Archange archange at archlinux.org
Wed Aug 19 20:17:33 UTC 2020


Le 20/08/2020 à 00:04, Yaro Kasear a écrit :
> On 8/19/20 2:56 PM, Yaro Kasear wrote:
>> On 8/19/20 2:48 PM, Giancarlo Razzolini via arch-general wrote:
>>> Em agosto 19, 2020 16:37 Yaro Kasear escreveu:
>>>> I've always questioned the wisdom of dropping a .pacnew just when the
>>>> file is different from the default. There's really no reason for it
>>>> considering any changes you made were deliberate and presumably thought
>>>> out. The end result is pacman cluttering /etc with a default
>>>> configuration file whose only reason for existing is to, if it's used,
>>>> clear settings. Why?
>>>>
>>> The .pacnew is there to indicate that something new exists, or that
>>> you changed
>>> something. Most of the time you can remove .pacnew files, but not
>>> always. Also,
>>> it's only "cluttering" /etc (and /boot, btw), if you don't handle them.
>>>
>>>> What pacman SHOULD do is compare /etc files between package versions and
>>>> see if there's a change BETWEEN DEFAULTS. *Then* there's an actual
>>>> reason to need a new default config file for the user to examine because
>>>> then there's an actual indicator some meaningful change in default
>>>> configuration or how the package handles configs happened.
>>>>
>>> That's way beyond the scope of a package manager, and also, there's no
>>> way
>>> to tell what "DEFAULTS" (why caps?) should be.
>> Caps for emphasis is all.
>>>> All most pacnew files wind up doing is sitting there for thirty seconds
>>>> before being deleted without anyone even opening them because they're
>>>> literally just what the file was before the user ALREADY changed it
>>>> before... because it's utterly useless to get a default config file when
>>>> you've intentionally changed it and there's nothing in the new version
>>>> of the package that calls for an examination of the defaults.
>>>>
>>> I don't know why you said that .pacnew sits for thirty seconds before
>>> being
>>> deleted. Are you using a hook that does this? Because nothing handles
>>> them
>>> automatically, that's the user's job. There are tools to aid in doing
>>> that,
>>> but in the end the user should know what to apply, and what to discard.

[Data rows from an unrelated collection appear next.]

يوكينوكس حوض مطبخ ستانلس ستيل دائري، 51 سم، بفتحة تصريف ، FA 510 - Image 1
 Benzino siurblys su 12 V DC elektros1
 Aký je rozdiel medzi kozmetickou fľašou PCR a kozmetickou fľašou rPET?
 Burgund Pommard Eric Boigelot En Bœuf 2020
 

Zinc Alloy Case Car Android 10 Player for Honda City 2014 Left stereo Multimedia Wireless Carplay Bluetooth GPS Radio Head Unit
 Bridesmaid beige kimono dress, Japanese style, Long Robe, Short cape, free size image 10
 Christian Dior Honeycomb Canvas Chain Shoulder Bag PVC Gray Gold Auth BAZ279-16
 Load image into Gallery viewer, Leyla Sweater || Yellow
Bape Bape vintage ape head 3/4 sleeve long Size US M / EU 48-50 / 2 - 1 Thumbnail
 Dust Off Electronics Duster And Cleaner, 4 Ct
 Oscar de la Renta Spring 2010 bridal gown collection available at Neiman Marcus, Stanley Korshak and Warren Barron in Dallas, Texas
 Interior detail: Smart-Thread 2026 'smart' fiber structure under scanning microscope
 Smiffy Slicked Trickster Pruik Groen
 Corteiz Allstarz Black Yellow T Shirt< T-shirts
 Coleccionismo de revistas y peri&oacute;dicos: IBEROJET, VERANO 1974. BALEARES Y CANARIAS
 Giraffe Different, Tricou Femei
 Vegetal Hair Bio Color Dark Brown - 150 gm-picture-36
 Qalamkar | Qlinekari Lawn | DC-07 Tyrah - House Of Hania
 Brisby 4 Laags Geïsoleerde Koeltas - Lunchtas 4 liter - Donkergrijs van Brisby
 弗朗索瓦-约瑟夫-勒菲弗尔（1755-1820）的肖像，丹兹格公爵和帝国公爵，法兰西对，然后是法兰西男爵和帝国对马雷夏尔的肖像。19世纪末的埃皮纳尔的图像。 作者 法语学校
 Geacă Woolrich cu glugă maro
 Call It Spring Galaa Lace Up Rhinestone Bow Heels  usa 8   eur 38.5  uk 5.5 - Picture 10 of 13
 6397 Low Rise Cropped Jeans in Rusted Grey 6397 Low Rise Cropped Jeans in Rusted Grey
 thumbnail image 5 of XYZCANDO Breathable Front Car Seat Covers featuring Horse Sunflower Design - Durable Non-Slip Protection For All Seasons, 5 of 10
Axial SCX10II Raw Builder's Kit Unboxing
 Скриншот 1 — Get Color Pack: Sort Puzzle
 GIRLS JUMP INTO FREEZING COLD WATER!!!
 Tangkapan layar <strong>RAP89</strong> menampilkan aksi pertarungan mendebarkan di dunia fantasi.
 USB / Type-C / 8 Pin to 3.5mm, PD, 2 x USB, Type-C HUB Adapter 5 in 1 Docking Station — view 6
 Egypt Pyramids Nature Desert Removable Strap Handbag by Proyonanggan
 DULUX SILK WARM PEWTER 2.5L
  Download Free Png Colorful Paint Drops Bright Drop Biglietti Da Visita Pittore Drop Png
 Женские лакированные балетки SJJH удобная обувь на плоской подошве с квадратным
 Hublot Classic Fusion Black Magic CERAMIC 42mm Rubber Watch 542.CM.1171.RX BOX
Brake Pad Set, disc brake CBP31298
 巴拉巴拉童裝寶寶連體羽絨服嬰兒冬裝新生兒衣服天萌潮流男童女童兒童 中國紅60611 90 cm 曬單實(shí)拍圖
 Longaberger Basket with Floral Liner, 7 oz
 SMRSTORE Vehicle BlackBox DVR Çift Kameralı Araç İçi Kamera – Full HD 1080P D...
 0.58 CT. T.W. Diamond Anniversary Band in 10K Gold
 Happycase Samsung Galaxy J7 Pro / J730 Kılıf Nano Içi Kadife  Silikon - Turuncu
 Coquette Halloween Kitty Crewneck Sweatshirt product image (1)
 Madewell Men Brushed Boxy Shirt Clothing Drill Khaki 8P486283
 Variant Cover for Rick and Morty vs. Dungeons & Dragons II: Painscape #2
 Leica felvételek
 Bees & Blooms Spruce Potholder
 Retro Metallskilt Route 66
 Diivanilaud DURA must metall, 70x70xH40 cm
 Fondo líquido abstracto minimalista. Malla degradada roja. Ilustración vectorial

>> I wasn't being literal about thirty seconds. Exaggerating.
>>> Regards,
>>> Giancarlo Razzolini
>> Yaro
>>
>>
> Oh, also:
>
> "That's way beyond the scope of a package manager, and also, there's no
> way to tell what "DEFAULTS" (why caps?) should be."
>
> Yes there is. The defaults are literally what's in the config file in
> the archive and not on the filesystem. How would that not be a way to
> determine default settings?
>
> I'm not suggesting the package manager would have to understand the
> settings, but it would be able to tell if the contents of that file are
> different from another version. (Which it obviously does already,
> otherwise it wouldn't know to make a pacnew file.)
>
> I can't imagine it'd be that difficult for pacman to compare checksums
> between files in /etc or /boot between versions of a package (If a
> previous version is available.) and what's on /etc and determine if it
> really needs to bother putting a pacnew file on the filesystem that
> doesn't need to be there. It's already doing some sort of check between
> what's in the package and what's on the filesystem already.
>
> Yaro

pacman does this: if the *packaged file* changed between the installed
version and the new one, and the *installed file* is different from the
*packaged file*, then drop a .pacnew.